I had an interesting conversation with a student today. I had just finished grading his timed writing and he admitted to me that he found it frustrating to come up with what he called “unique, original, insightful analysis.” None of his own ideas about literature satisfied him as being good enough. To be honest, he has struggled with deep, insightful literary interpretation all year. He said that he loved discussions and reading other people’s analysis of the literature, but hated the idea of using that analysis for his own because he hadn’t come up with it. He found other’s analysis interesting, and he understood it, but he couldn’t get there on his own. My suggestion that there were no true original ideas left in the world and it isn’t wrong to use other’s analysis (as long as he understood it and made it his own) didn’t satisfy him in the least, and he brought up his math class as an example.
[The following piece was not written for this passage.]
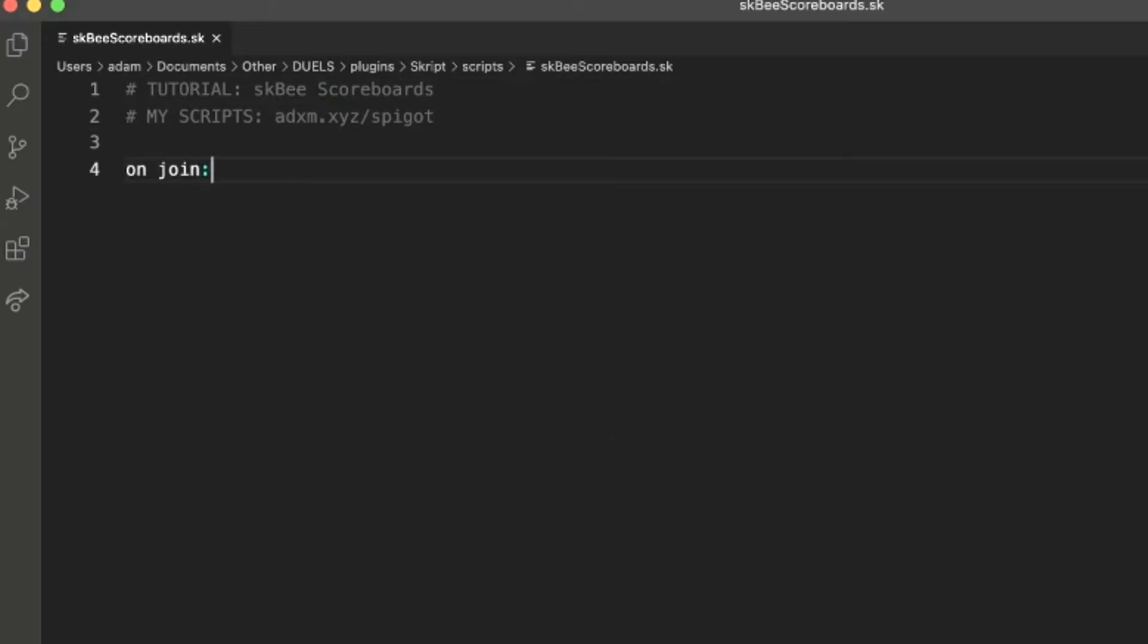We are going to just be using the on-join event and doing it there instead of a function. A function would be better, but we don't need to do that for this tutorial.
He said that in math, he had to solve the problem himself and that if another student solved it before him, he refused to look at their work until he had figured it out himself.
Then it hit me.
I asked him if he had ever been asked to analyze literature, like I ask him to, before coming to my class. He responded with “I didn’t know you could analyze books like we do before your class.” In reference to my last post, because we piecemeal how we teach literature (by only teaching a few skills per piece of literature and not taking a wholistic approach to literary analysis) students see literature as separate islands in a vast ocean not realizing that all those islands are connected by solid rock below the surface.
I explained it to him through his knowledge of math. He has been working math problems since kindergarten. First he added, then subtracted, then multiplied, then divided, then worked algebraic equations and then… (I don’t know math past algebra, but you get the picture). All of those new mathematical concepts are dependent upon what came before them. You can’t subtract before you add, you can’t solve for x if you don’t know how to add, subtract, multiply, etc… Therefore, even when he doesn’t know a new mathematical concept very well, he still has all his prior experience of answering other problems as a guide to answering the new ones. New problems demand that he use his knowledge of old problems in order to solve them.
Unlike math, unfortunately, he sees each literary text he has to read as a separate entity, something that needs to be looked at in isolation (an island) from all other literature. All because he has only been told to look at certain elements for each new book he has had to read.
I can remember sitting in some of my early literature classes in college thinking “how the heck are these people coming up with this stuff (analysis)?” just like he does in my class. It wasn’t until I read something, analyzed it, and then used that analysis on other literature that I started to see patterns within all literature and, therefore, see the bedrock on which all literature is founded.
We need to make our students dive to the bedrock with every text they read.